» **TRY IT**: Any pictures in the records below must be left out when you repeat the lines from the line containing "New Style Fashion" through the line containing "Gianni Bini Ransley" exactly.

[Start of section]

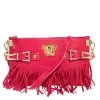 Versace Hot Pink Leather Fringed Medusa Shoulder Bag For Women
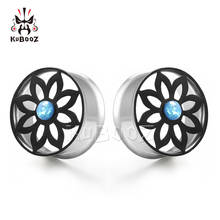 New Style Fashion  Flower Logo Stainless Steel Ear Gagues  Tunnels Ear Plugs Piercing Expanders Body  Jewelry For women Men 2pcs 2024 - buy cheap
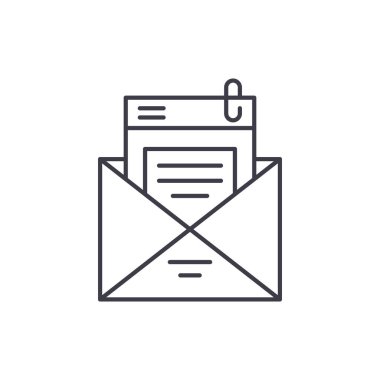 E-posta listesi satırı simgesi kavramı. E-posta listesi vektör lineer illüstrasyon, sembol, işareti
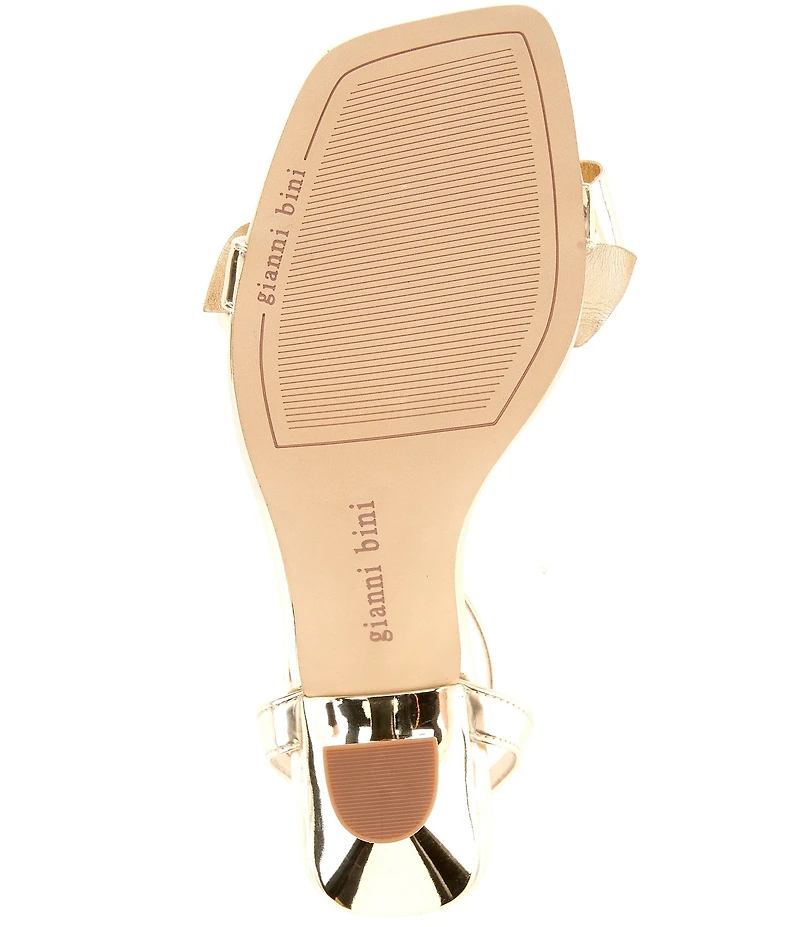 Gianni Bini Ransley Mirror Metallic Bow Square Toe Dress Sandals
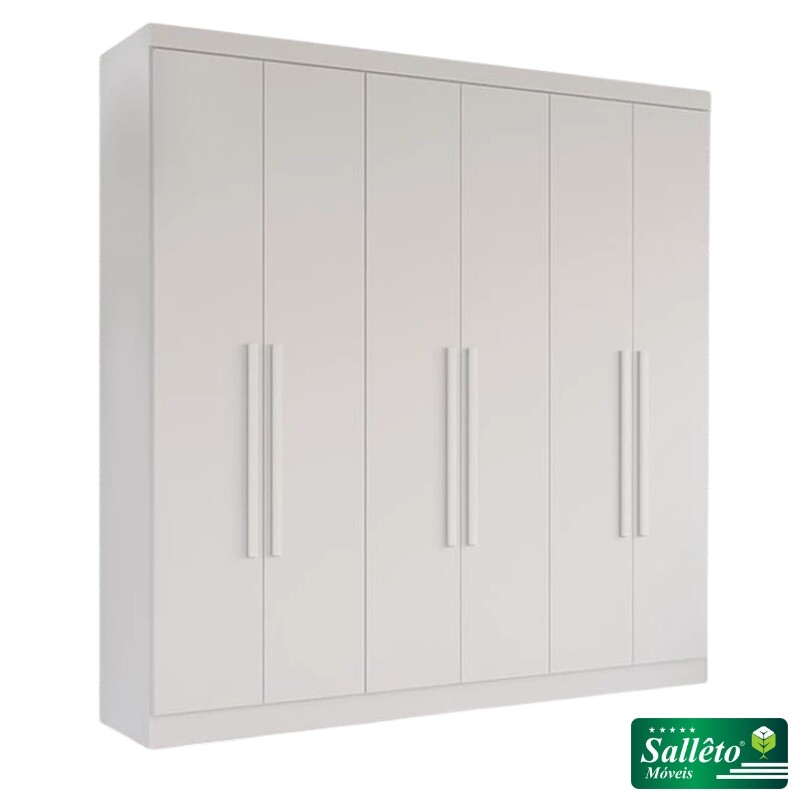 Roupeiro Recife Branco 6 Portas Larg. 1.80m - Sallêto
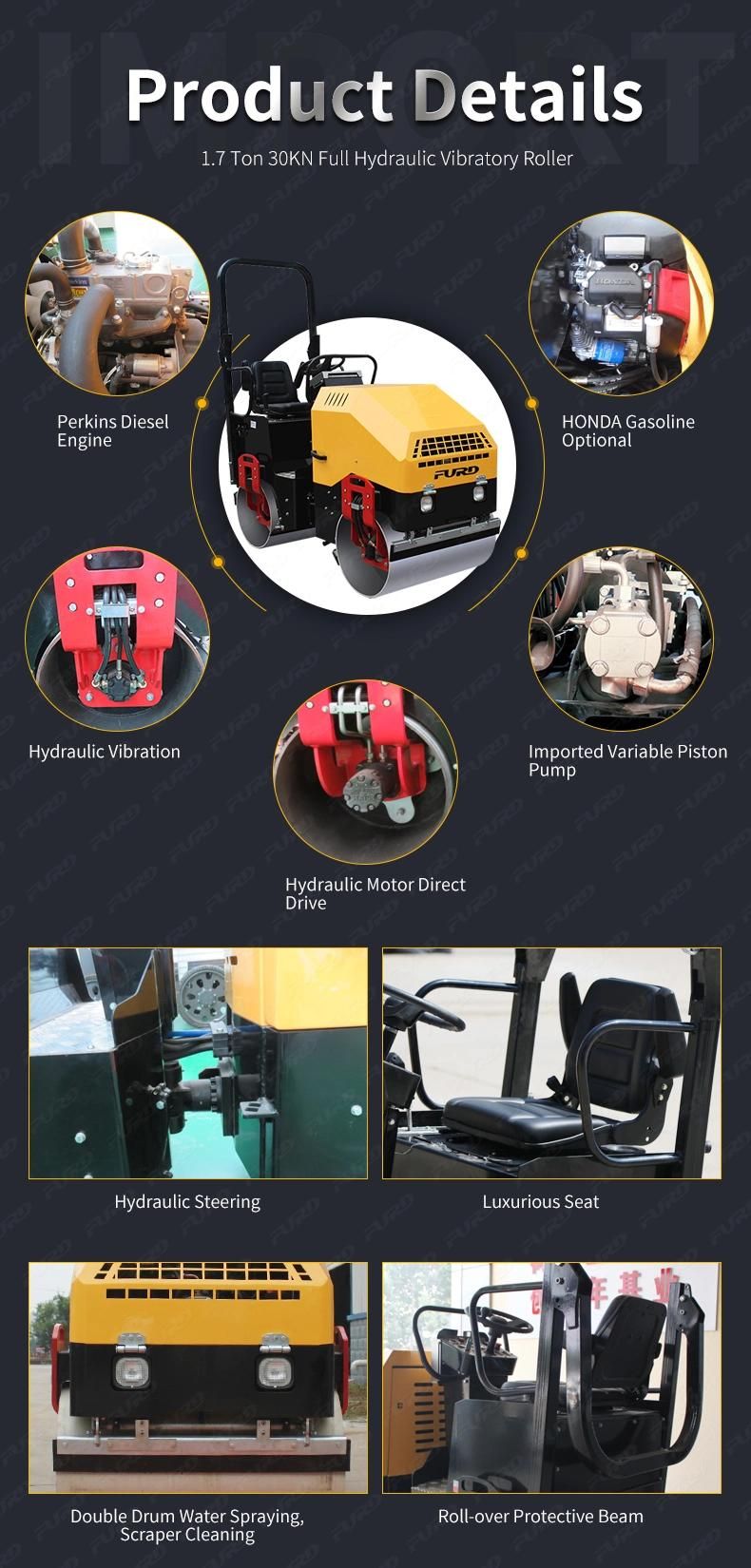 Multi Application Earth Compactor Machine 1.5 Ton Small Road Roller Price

[End of section]

» **TASK RESPONSE**:
 New Style Fashion  Flower Logo Stainless Steel Ear Gagues  Tunnels Ear Plugs Piercing Expanders Body  Jewelry For women Men 2pcs 2024 - buy cheap
 E-posta listesi satırı simgesi kavramı. E-posta listesi vektör lineer illüstrasyon, sembol, işareti
 Gianni Bini Ransley Mirror Metallic Bow Square Toe Dress Sandals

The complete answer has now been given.